On 02/08/2016 11:29 AM, Julius Werner wrote:
On 08.02.2016 12:10, Patrick Georgi via coreboot wrote:
2016-02-04 10:35 GMT+01:00 Patrick Georgi pgeorgi@google.com:
during the review of some commits that are in the process of being upstreamed from Chrome OS, people noticed that chipset drivers like to define their own TRUE/FALSE defines (sometimes prefixed to), and I have seen a bunch of #define BIT{0-31} ..., too, because that seems to be the house rules in some firmware communities.
Seems like for the BIT defines, all variants are popular. Any objection with moving them to src/include instead of having various copies across the tree?
How about something like src/include/please_dont_use.h ?
I don't know about that but I'd have no objection to a comment in the file itself that these are vile constructs.
If we agree on what not to use, why not just fix it completely? coccinelle is great for that sort of thing. (For the record, I don't mind BIT(x) too much but I also prefer (1 << x), since it's more consistent with multi-bit fields like (5 << x).)
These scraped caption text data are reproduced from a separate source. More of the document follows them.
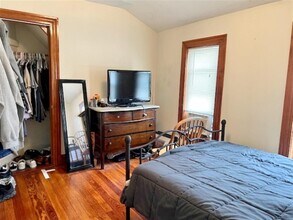 33 Rogers Ave, Unit 1 in Somerville, MA - Building Photo - Building Photo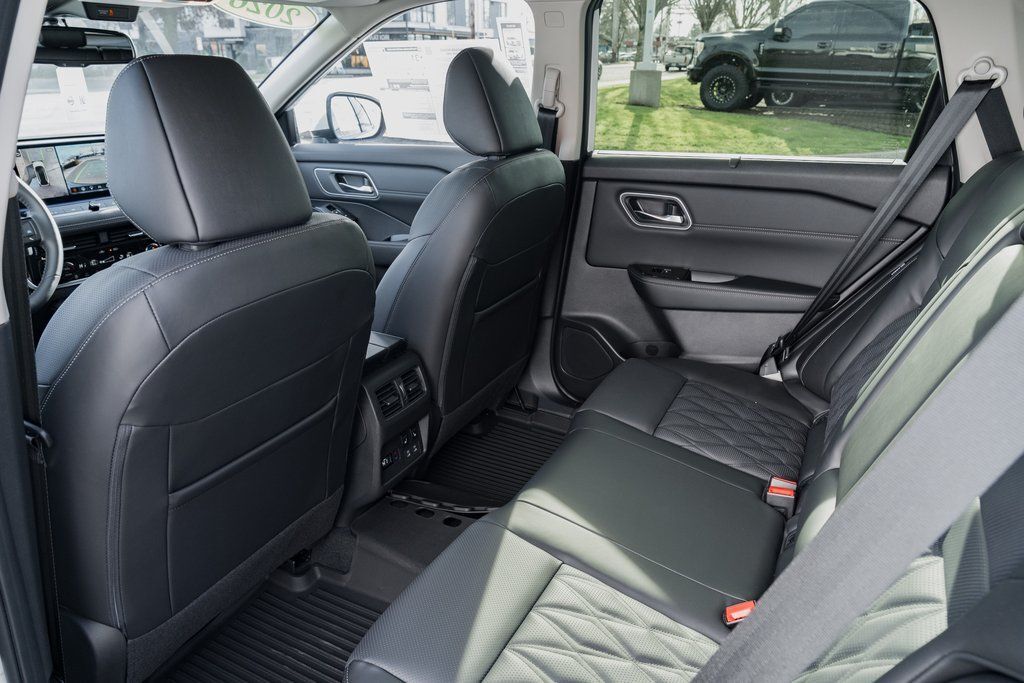 2026 Nissan Rogue Platinum Beaverton OR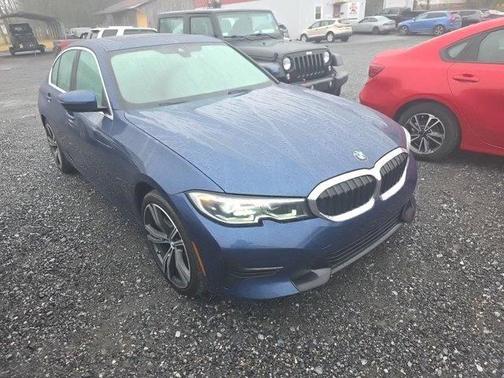 2022 BMW 330 i xDrive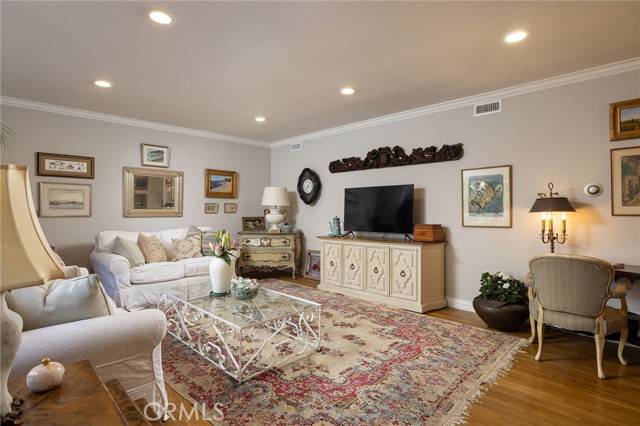 Laguna Beach, CA 92651,255 Cypress Drive #2
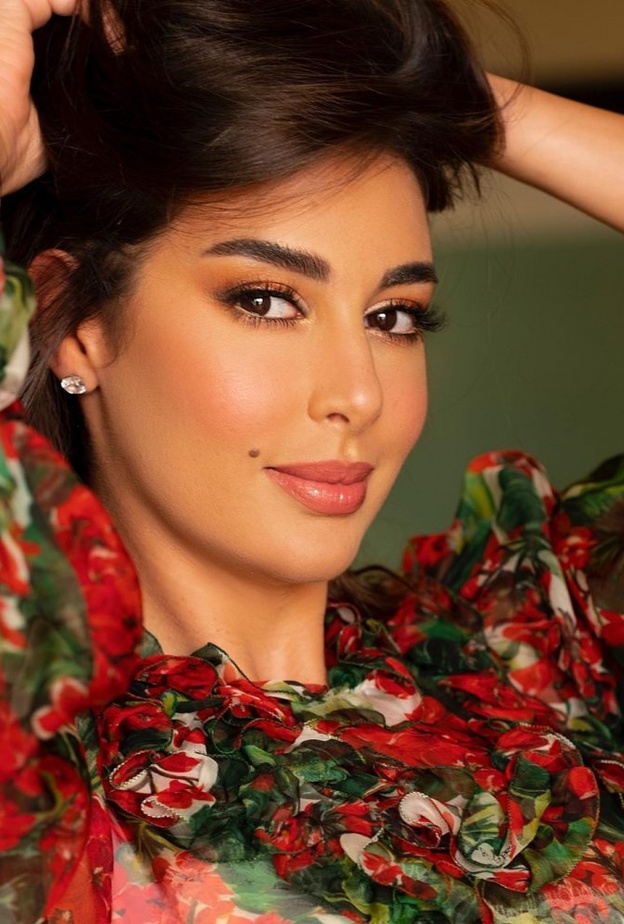  مكياج ناعم بألوان ترابية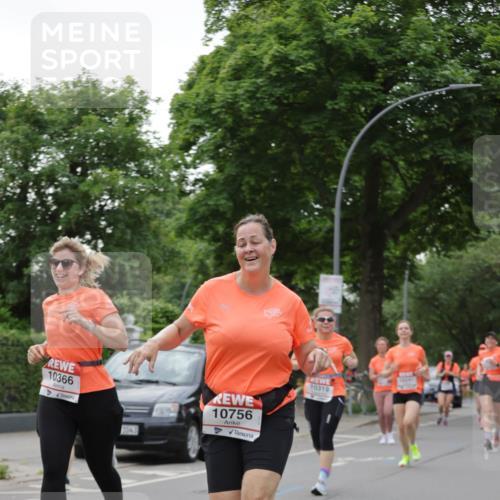 15.06.2025 - REWE Women's Run Jannik Wohlers http://msf.ph/oto/7934356 15.06.2025 08:25:36 Laufen 10366, 10756, 10241, 10319 meine-sportfotos.de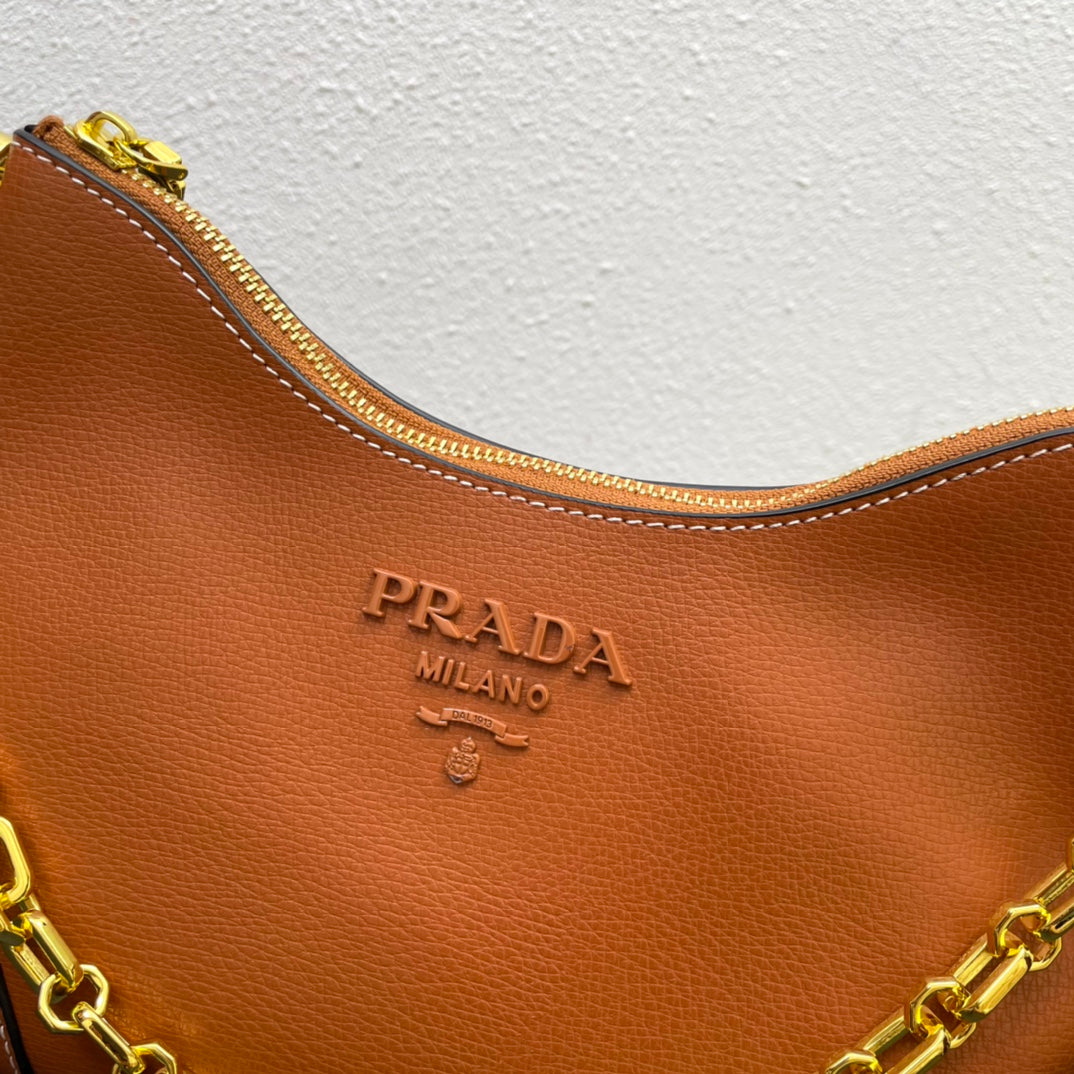 Premium Croissant-Style Shoulder Bag | New Arrival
Other than BITxx macros, really, what's the purpose of this? Sure, standardization sounds great, but can anyone point to reasons why _not_ standardizing results in loss of productivity? As I've said before, we do import code from other codebases, which oftentimes are not even self-consistent. There's loss in productivity from being forced to convert one style of bit macro to another.
Just from that, it seems that trying to "standardize" is a net loss. Pretty code is useless when it's slow and clumsy to write.